= Input records =
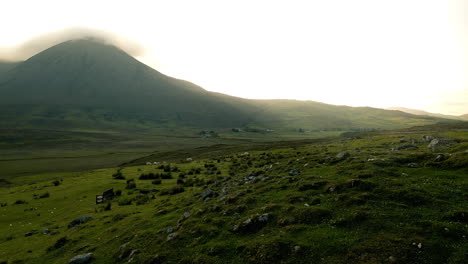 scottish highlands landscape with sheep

...

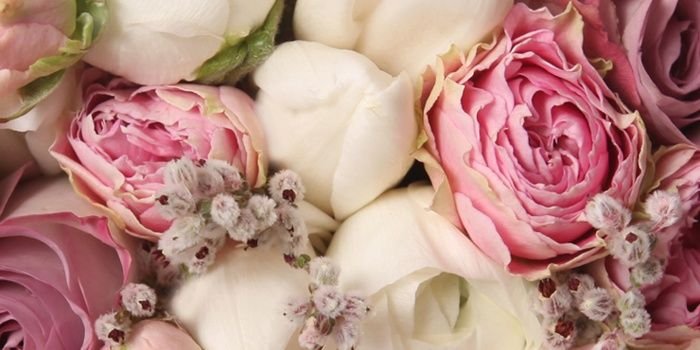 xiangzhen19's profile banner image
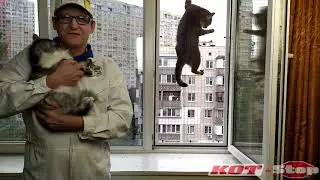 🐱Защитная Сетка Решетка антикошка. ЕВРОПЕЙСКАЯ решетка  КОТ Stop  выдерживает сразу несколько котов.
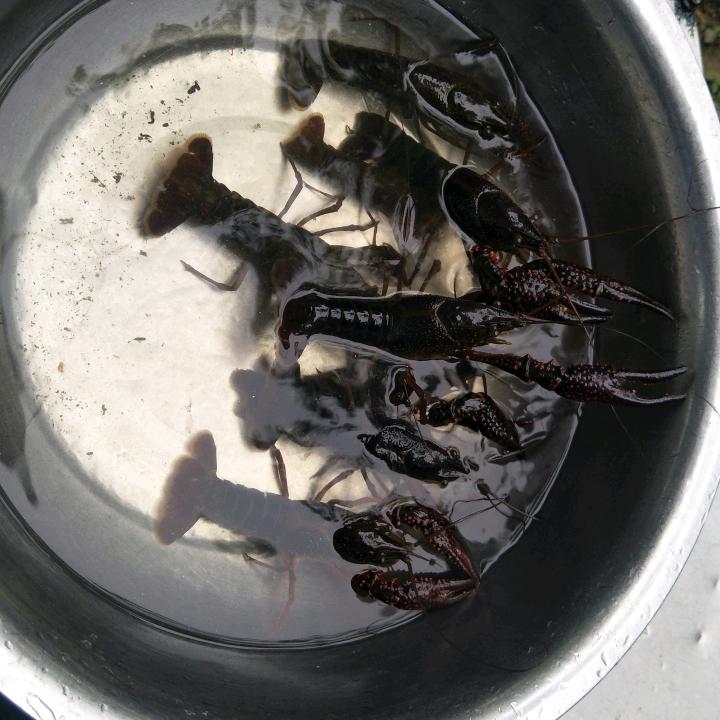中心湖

...

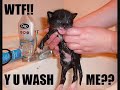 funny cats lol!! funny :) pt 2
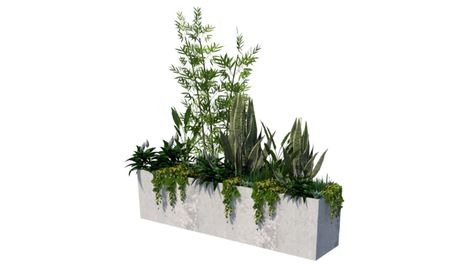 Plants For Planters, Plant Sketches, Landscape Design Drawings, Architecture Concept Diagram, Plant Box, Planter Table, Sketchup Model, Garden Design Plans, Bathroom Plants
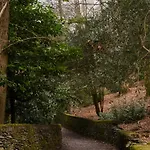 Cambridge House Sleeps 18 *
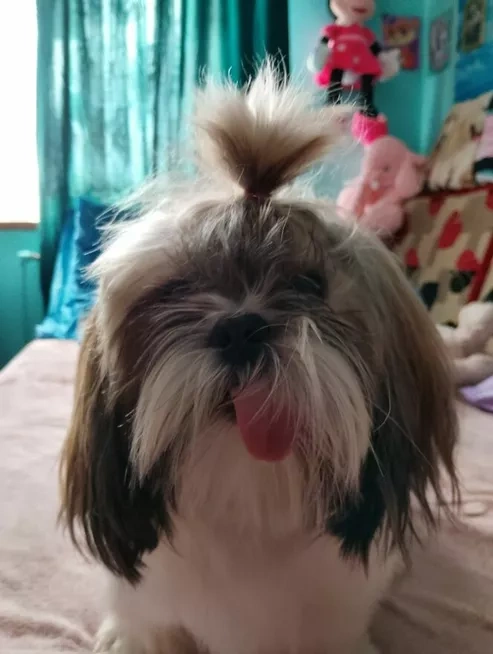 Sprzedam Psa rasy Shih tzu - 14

= What you need to do =
In the listing above, find the line with "funny cats lol!! funny :) pt 2" and output every line through the one with "Sprzedam Psa rasy Shih tzu - 14", exactly, without the pictures.

= Exercise response =
 funny cats lol!! funny :) pt 2
 Plants For Planters, Plant Sketches, Landscape Design Drawings, Architecture Concept Diagram, Plant Box, Planter Table, Sketchup Model, Garden Design Plans, Bathroom Plants
 Cambridge House Sleeps 18 *
 Sprzedam Psa rasy Shih tzu - 14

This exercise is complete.